The idea was oversimplified in the news media as simply "painting the world white," but that is not what Secretary Chu suggested. In fact, it is a caricature of what could be an important way to offset our carbon emissions. Secretary Chu is correct in suggesting we pursue cool roofs, and I hope more people will learn about this new strategy and consider adopting it for their homes and businesses.
If nothing else, a white or cool roof will save you up to 20 percent on your air conditioning bill and it's hard to argue with that. Over its lifecycle, a new white roof costs no more than a traditional roof.
The basic idea behind cool roofs is simple and recognized for centuries by the ancient Greeks and Egyptians. Dark colors absorb more heat than light colors. It's for this reason that people living in the tropics wear light-colored clothes and the same reason you don't lean on a black car on a hot day. Similarly, darker colored roofs retain more of the heat from sunlight within our atmosphere. But light roofs reflect more of that light straight back into space. Therefore, making roofs lighter in color increases their solar reflectivity and directly offsets CO2 emissions.

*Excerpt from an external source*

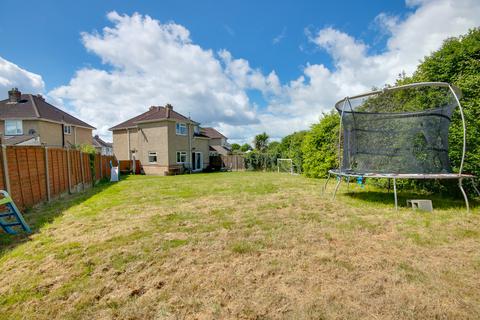 3 bedroom semi-detached house for sale, SHOLING! CHAIN FREE! THREE DOUBLE BEDROOMS! SUBSTANTIAL PLOT!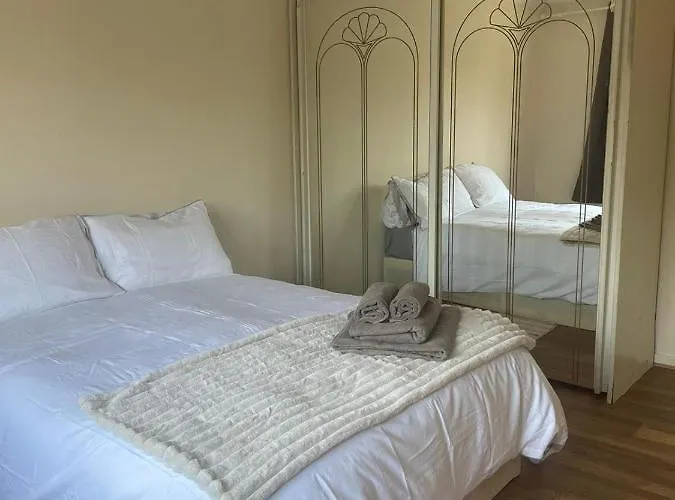 Single And Doubles Rooms Close To Central London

The potential savings are both huge and surprising. My colleagues and I have estimated that replacing urban roofs with solar-reflective materials in tropical and temperate regions of the world would offset 24 billion tons of CO2.
Let me explain. The average US roof is approximately 1,000 square feet and lasts for about 20 years. A white roof produces a one-time offset of 10 tons of CO2 and would eliminate emissions from one car for more than 2.5 years. Considered on a national scale, the equivalent would be eliminating two billion tons of CO2 emissions or removing 20 million cars off the road for 20 years. From a global perspective, replacing dark roofs with cool ones would be equivalent to taking half the world's cars - 300 million vehicles -- off the road for 20 years or reducing 24 billion tons of CO2 emissions for the same period.
That may sound too good to be true, but it is possible.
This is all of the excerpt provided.